Our forum opened with inspirational words from 2012 IPJ Woman PeaceMaker Alice Nderitu, a commissioner in Kenya’s National Cohesion and Integration Commission (NCIC). “As the politicians build their alliances, we need to build ours,” she noted, urging the youth to come together and organize rather than antagonize. “We must not get caught up in messages of hate but speak up for each other and organize for a peaceful future together.”
This message carried on throughout the two days as participants voiced their fears, anger and frustration, while also being asked to challenge their views and think about their own biases.

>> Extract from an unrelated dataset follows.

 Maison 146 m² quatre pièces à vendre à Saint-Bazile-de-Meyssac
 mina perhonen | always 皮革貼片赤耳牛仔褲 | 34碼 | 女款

“Heal the Nation,” a documentary developed by the group Picha Mtaani (whose curated photography exhibit is currently on display at the IPJ), was screened during the forum, providing an eyewitness account of the violence that erupted after the December 2007 elections. Participants reflected on where they were at the time — and what they were doing. Many spoke of the fear they felt, while others shared how they had participated in the violence. Others voiced the need to be prepared for the upcoming elections.
Asked by Picha Mtaani facilitator Peter Mudamba how many of them thought there would be violence on March 4, 2013, the date of the next elections, more than half raised their hands. In the silence that followed, Mudamba quietly asked, “Who suffers if we engage in violence amongst ourselves? Who pays the price?”

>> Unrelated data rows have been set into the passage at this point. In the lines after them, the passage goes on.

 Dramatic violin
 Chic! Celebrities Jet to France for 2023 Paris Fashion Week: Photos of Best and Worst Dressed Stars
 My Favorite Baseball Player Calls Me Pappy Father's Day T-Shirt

The day continued with a panel, including Administrative Police Officer Richard Ngumo, who explained in detail the community policing process designed to respond to the tensions of the prior polls. He later replied to some of the issues raised by youth participants, promising to speak with others to address the specific challenges they identified. “This is really good by the way, what we have started here today,” he noted. “Young people must find ways to work with the police. We need to do much more of this.”His sentiments were echoed by speaker after speaker, including Tom Kagwe from the Independent Police Oversight Authority, Caleb Wauga from Usalama Reforms Forum, and Guyo Liban from the NCIC. Liban appealed to youth to get involved in ensuring free and fair elections — but moreover, peaceful elections. “No single institution can prevent violence in 2013,” he shared. “It is a collaborative work, and it is up to each and every Kenyan — including those of you in this room — to take action for peaceful elections.”
As is typical for such events, there was much sharing of what the other side should be doing. However, at this forum, each speaker acknowledged the faults and challenges of its own side. “It is not enough to point fingers,” Wauga told those gathered. “We must recognize that we don’t always understand the appropriate processes, and what is going on for the other.”

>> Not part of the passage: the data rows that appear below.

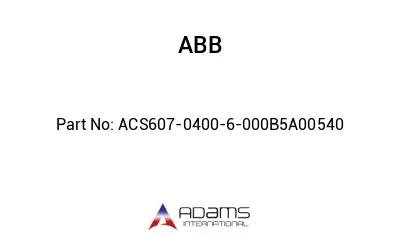 ACS607-0400-6-000B5A00540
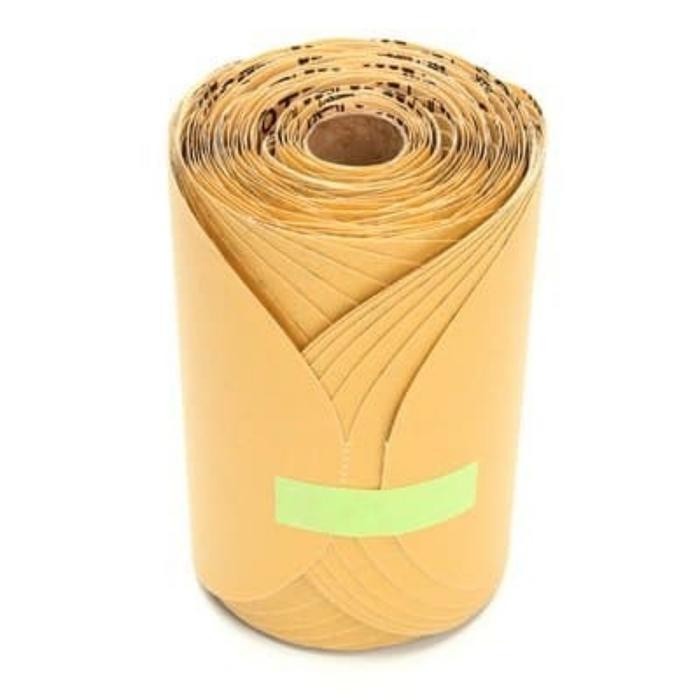 TERBARU 3M Stikit Gold Paper Disc Roll 216U ,(P120)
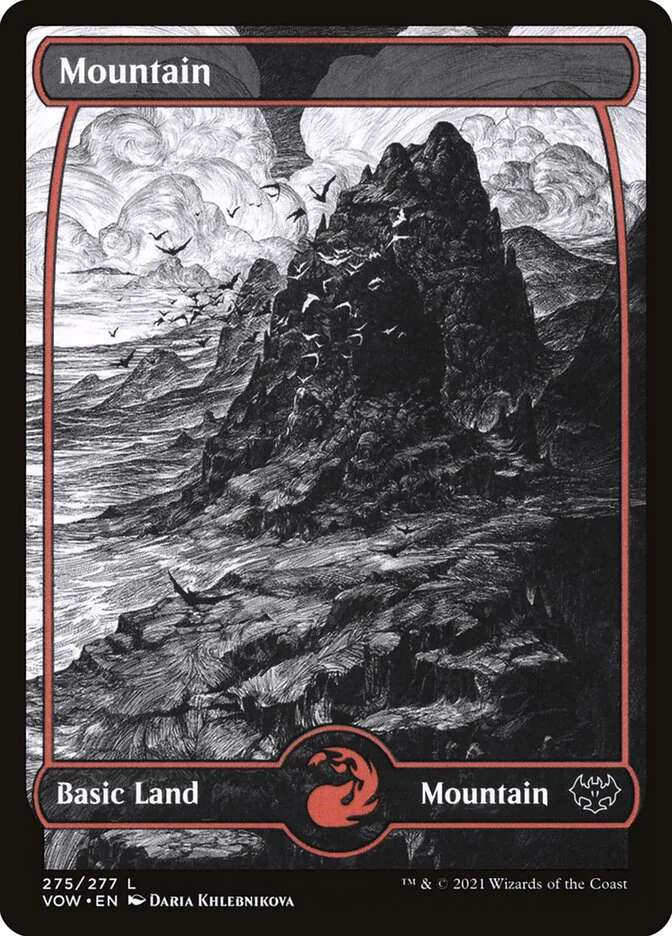 Mountain 「VOW/275」「EN」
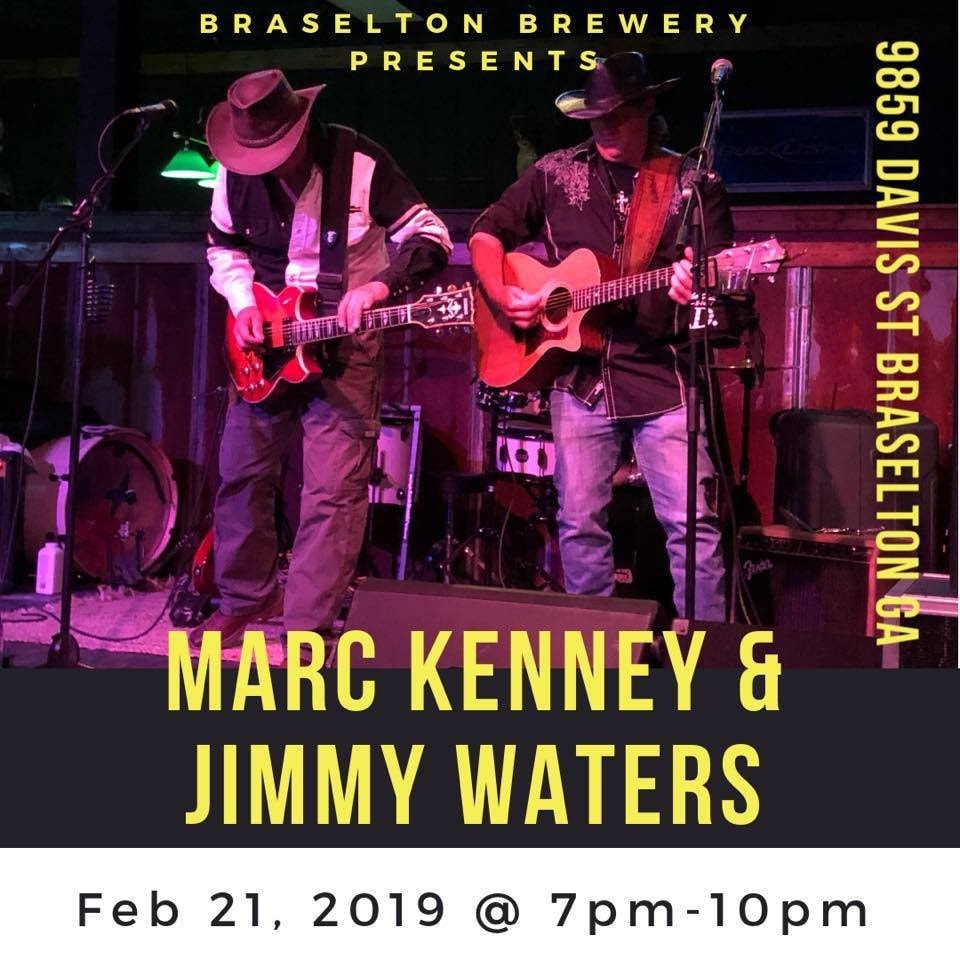 Marc Kenney and Jimmy Waters 2019 promotional photo
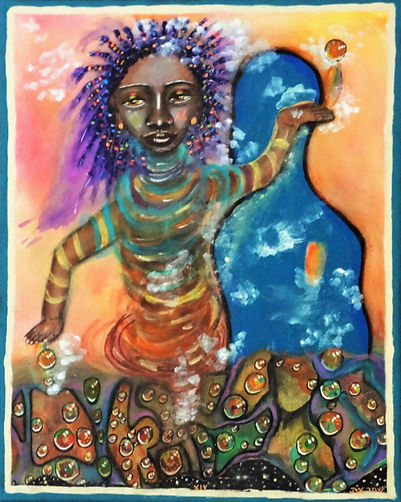 Oxumarê-raibow-serpent-Orisha&Jacirendi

As the forum came to a close, one of the youth participants rose to share his thoughts from the two days. “We need more opportunities to interact with the people we fear,” he said. “This forum was very unique in providing such an opportunity, and we need to take that and build on it.”
Coming together was only the beginning. Plans for further collaboration between police and youth at the local level were developed during the two days, with a commitment and request from the youth to implement them over the next few months. Intended activities include police-youth soccer matches, trainings by youth for the police on nonviolence, joint peace walks and facilitated dialogue sessions between the youth and police.
As we move toward the March 2013 elections, the commitment and resolve of those willing to come together and take action will be tested. But only by communities and security agencies working with one another can attitudes change, behaviors shift and violence be prevented.
Update: Zahra Ismail, program officer, is in Kenya from February 28 to March 7 as a short-term election observer with the Carter Center’s International Election Observation Mission. Ismail heads the IPJ’s Kenya Violence Prevention Project, which builds community capacity in violence prevention in three vulnerable communities in Nairobi. Elections take place on March 4.